Your answer should be the records again, unchanged in wording and free of images.
───── Dataset excerpts
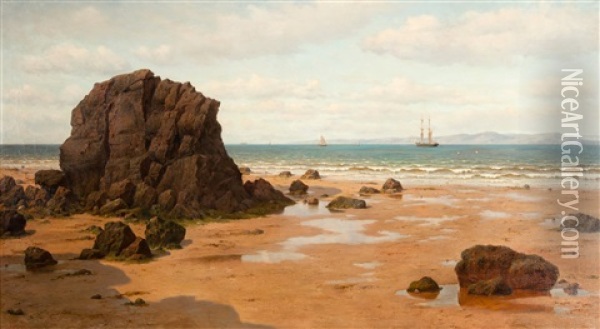 Low Tide At The Ris Beach, Douarnenez Oil Painting - Oskar Conrad Kleineh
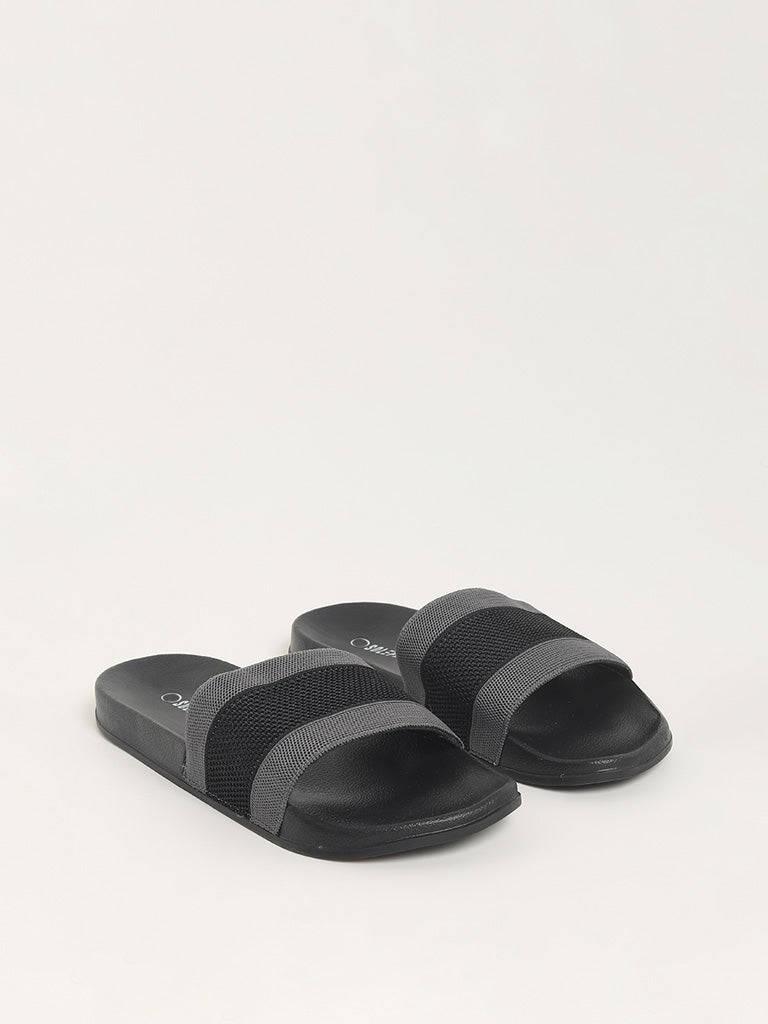 SOLEPLAY Grey & Black Broad-Strap Slides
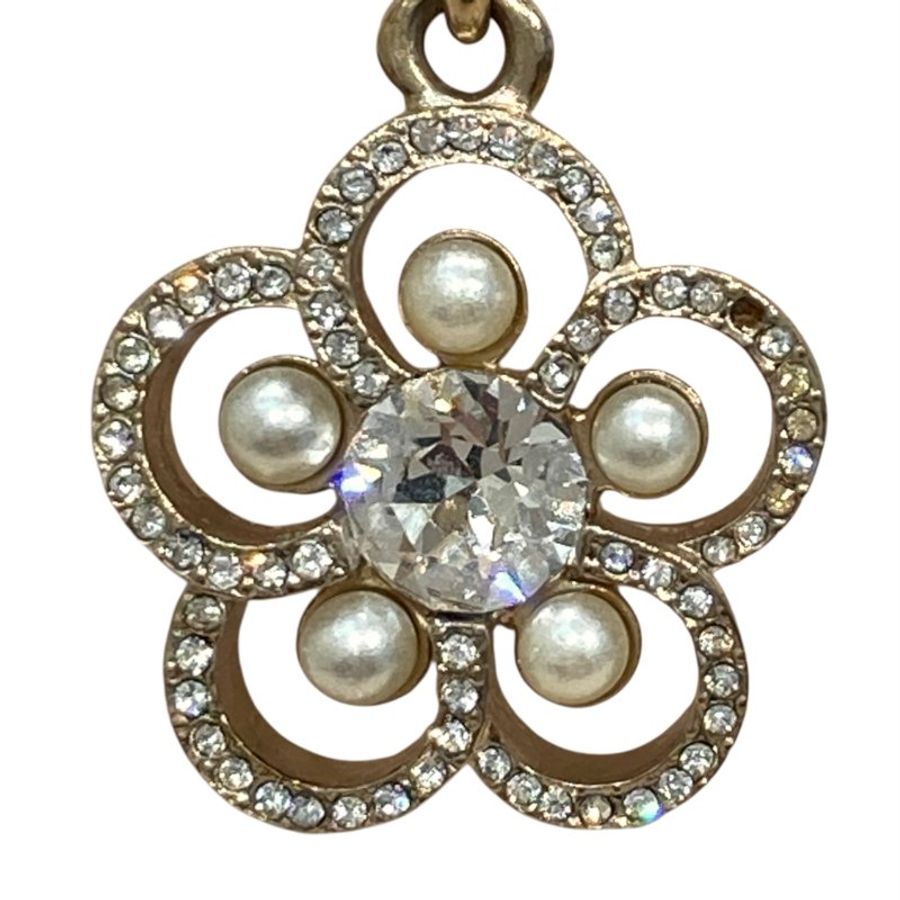 CHANEL 香奈兒 ARRIVAL CRYSTAL PEARL CC EARRINGS 山茶花流蘇水鑽珍珠耳針 合金-7
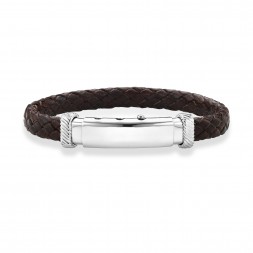 Adjustable Bracelet In Sterling Silver And Flat Brown Italian Leather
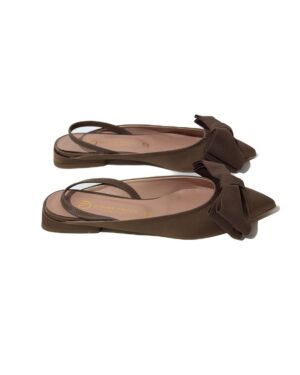 BUTY KLAPKI SANDAŁY Z KOKARDKĄ MIODOWE AKSAMITNE DIVINE 6013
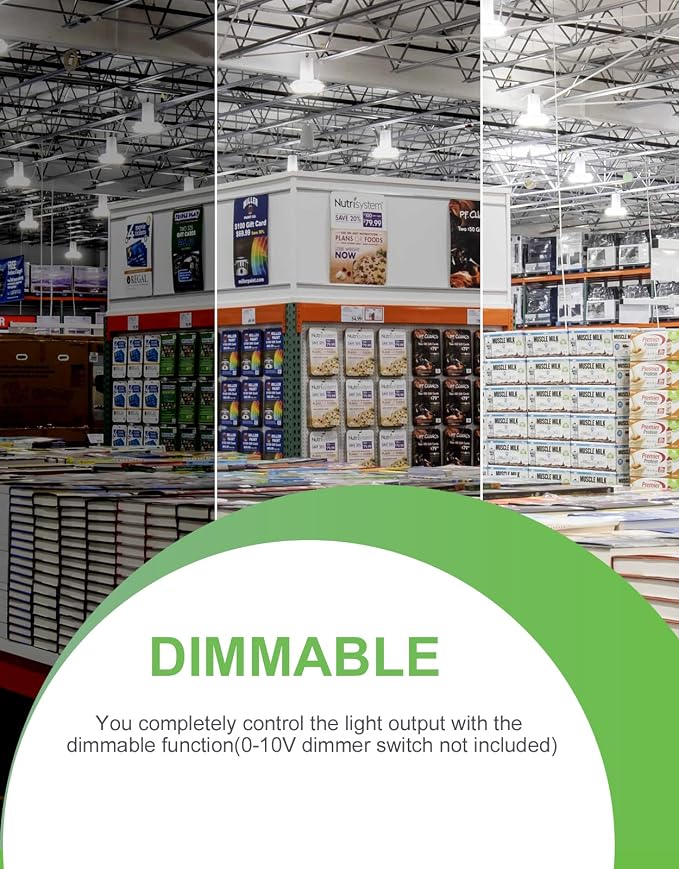 240W UFO LED High Bay Light, UL & DLC Listed 5000K Daylight 33600LM, 0-10V - Image 3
──────────
# Solution
 Low Tide At The Ris Beach, Douarnenez Oil Painting - Oskar Conrad Kleineh
 SOLEPLAY Grey & Black Broad-Strap Slides
 CHANEL 香奈兒 ARRIVAL CRYSTAL PEARL CC EARRINGS 山茶花流蘇水鑽珍珠耳針 合金-7
 Adjustable Bracelet In Sterling Silver And Flat Brown Italian Leather
 BUTY KLAPKI SANDAŁY Z KOKARDKĄ MIODOWE AKSAMITNE DIVINE 6013
 240W UFO LED High Bay Light, UL & DLC Listed 5000K Daylight 33600LM, 0-10V - Image 3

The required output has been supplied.